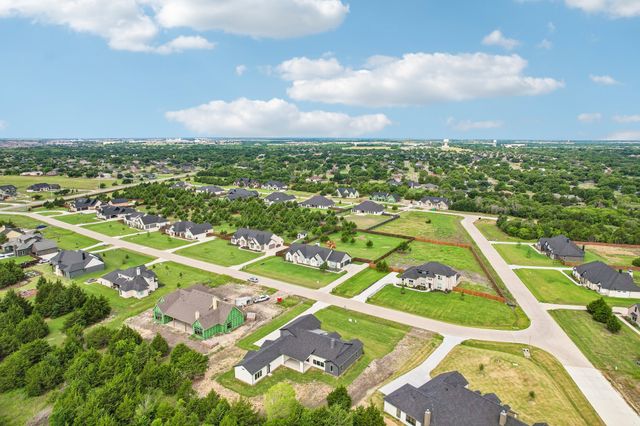 3080 Glen Oaks Drive, Waxahachie, TX 75165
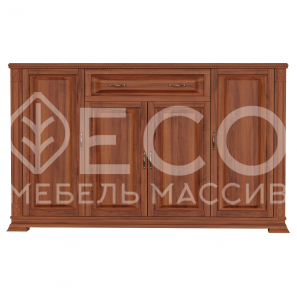 Комод Верди - 137 из массива Ш-170см,В-100см,Г-45см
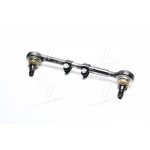 Тяга трапеції рул. бічна (вир-во ГАЗ) 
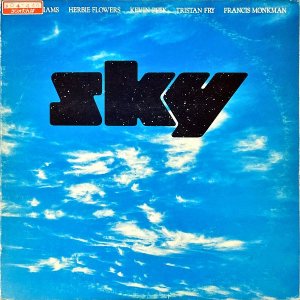 SKY 󡦥ꥢॺȥ / Sky ץͥåȡ⥶ [LP]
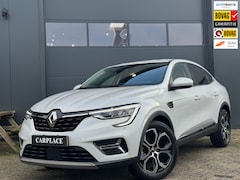 Renault Arkana - 1.3 mild hybrid 160 techno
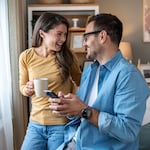 ¿Nunca discutes con tu pareja y crees que eso es buena señal? Esto dice un experto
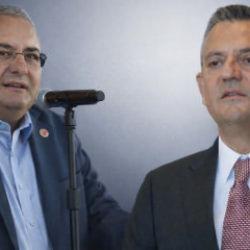 CHP'den istifa eden Mesut &Ouml;zarslan'dan &Ouml;zg&uuml;r &Ouml;zel'e su&ccedil; duyurusu! 7 isim daha istifa etti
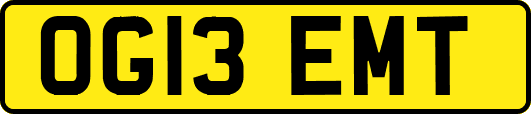 OG13EMT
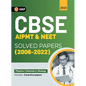 Cbse Aipmt & Neet 2023: Solved Papers (2004-2022) - Paperback
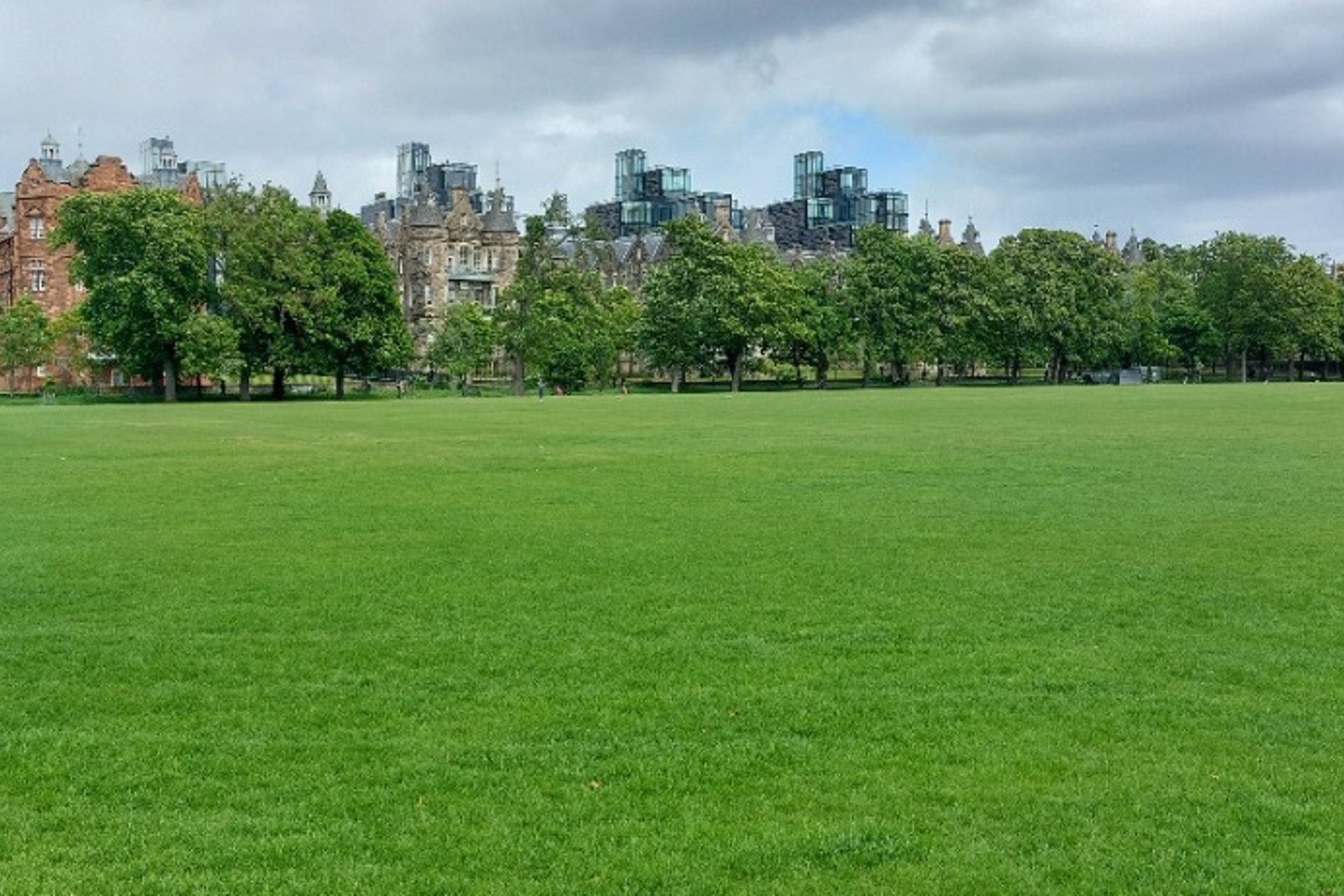 13 Simpson Loan, Meadows, Edinburgh, EH3 9GN - Picture #9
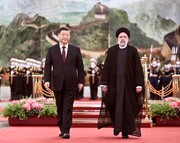 رقابت چین و روسیه برای سرمایه گذاری در ایران | خارجی ها چقدر در ایران سرمایه گذاری کردند؟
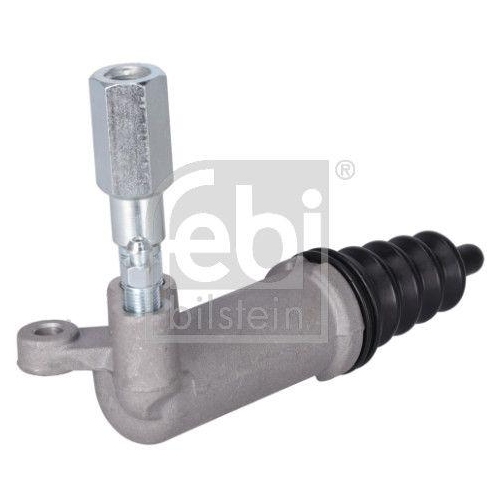 FEBI BILSTEIN Nehmerzylinder, Kupplung 34919 f&uuml;r AUDI VW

Problem requirements: Copy out the lines above in full and unaltered, apart from the pictures.

Output of the task:
 3080 Glen Oaks Drive, Waxahachie, TX 75165
 Комод Верди - 137 из массива Ш-170см,В-100см,Г-45см
 Тяга трапеції рул. бічна (вир-во ГАЗ) 
 SKY 󡦥ꥢॺȥ / Sky ץͥåȡ⥶ [LP]
 Renault Arkana - 1.3 mild hybrid 160 techno
 ¿Nunca discutes con tu pareja y crees que eso es buena señal? Esto dice un experto
 CHP'den istifa eden Mesut &Ouml;zarslan'dan &Ouml;zg&uuml;r &Ouml;zel'e su&ccedil; duyurusu! 7 isim daha istifa etti
 OG13EMT
 Cbse Aipmt & Neet 2023: Solved Papers (2004-2022) - Paperback
 13 Simpson Loan, Meadows, Edinburgh, EH3 9GN - Picture #9
 رقابت چین و روسیه برای سرمایه گذاری در ایران | خارجی ها چقدر در ایران سرمایه گذاری کردند؟
 FEBI BILSTEIN Nehmerzylinder, Kupplung 34919 f&uuml;r AUDI VW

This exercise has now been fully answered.